So now the Coen Brothers, maybe the most talented film-making team around, have remade the movie in their own image - darker, grittier, more surreal. And the reviews are great - Jeff Bridges is being praised for out-acting Wayne in this iconic role.

Here is the NPR review, with an interview of the Coen Brothers below that, via The Daily Beast.

Remakes rarely outshine the original, but the Coen Brothers' newest movie, True Grit, eclipses the 1969 version starring John Wayne. Critic Bob Mondello compares and contrasts the two movies — and the way Westerns were made then and now.

AUDIE CORNISH, host:

Filmmakers Joel and Ethan Coen ride their new Western, "True Grit," into theaters today. It stars Jeff Bridges and Matt Damon reprising roles made famous by John Wayne and Glen Campbell in the original 1969 film.

But the Coen brothers say they adapted their movie from the original Charles Portis novel. They did not re-watch the John Wayne version.

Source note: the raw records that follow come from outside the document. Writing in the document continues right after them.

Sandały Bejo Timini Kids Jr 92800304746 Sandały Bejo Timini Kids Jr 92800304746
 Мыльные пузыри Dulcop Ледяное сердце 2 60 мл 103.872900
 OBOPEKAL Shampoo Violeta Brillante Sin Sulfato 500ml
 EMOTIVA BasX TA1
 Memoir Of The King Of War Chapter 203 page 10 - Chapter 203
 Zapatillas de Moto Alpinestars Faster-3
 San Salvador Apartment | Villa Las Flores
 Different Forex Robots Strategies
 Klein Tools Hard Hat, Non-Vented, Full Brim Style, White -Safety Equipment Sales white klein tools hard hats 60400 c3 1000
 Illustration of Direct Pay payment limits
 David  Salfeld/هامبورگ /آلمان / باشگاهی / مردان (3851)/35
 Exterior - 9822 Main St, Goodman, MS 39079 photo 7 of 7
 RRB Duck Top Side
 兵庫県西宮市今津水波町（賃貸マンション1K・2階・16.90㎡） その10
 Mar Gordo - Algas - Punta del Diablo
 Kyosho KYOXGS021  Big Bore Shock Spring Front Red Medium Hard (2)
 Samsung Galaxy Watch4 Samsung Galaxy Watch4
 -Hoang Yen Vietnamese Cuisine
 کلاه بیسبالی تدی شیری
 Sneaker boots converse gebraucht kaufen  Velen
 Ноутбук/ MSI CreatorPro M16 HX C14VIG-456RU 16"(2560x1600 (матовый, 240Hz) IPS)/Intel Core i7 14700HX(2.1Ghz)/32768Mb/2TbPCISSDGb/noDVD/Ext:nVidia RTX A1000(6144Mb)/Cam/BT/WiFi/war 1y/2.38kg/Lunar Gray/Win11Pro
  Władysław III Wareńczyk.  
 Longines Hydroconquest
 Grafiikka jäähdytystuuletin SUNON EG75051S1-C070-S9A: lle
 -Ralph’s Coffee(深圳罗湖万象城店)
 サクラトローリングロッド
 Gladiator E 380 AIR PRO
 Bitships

Well, critic Bob Mondello did, and he has some thoughts as to how the two compare.

BOB MONDELLO: The new "True Grit" opens with a bit of grit, body lying in the snow and the voice of Mattie Ross telling us how her father died at the hand of a man named Chaney. As she remembers it when she was 14, her Protestant upbringing said that that man needed to pay for his crime.

(Soundbite of movie, "True Grit")

Ms. HAILEE STEINFELD (Actress): (as Mattie Ross) No doubt Chaney fancies himself scot-free. But he was wrong. You must pay for everything in this world, one way or another. There is nothing free except the grace of God.

MONDELLO: The old "True Grit" opened more brightly. In 1969, a couple of flicks that sounded like Westerns but weren't Westerns - "Easy Rider" and "Midnight Cowboy" - were signaling a revolution in moviemaking. But the "True Grit" that John Wayne starred in was a last gasp of old Hollywood - gigantic title superimposed over a lush, green valley, Glen Campbell crooning lyric that lets you know this G-rated film would have a happy ending.

(Soundbite of movie, "True Grit")

Mr. GLEN CAMPBELL (Actor): (as La Boeuf) (Singing) One day, little girl, the sadness will leave your face.

MONDELLO: In the odd logic of Hollywood, Glen Campbell's hit songs - "Wichita Lineman," "By the Time I Get to Phoenix" and the soon-to-be-released "Galveston" - gave him geographical credentials to sing in a Western. Alas, the producers went further and gave him an actual part as Texas ranger La Boeuf.

(Soundbite of movie, "True Grit")

Mr. CAMPBELL: (as La Boeuf) The French is La Bourf. I call it La Beef.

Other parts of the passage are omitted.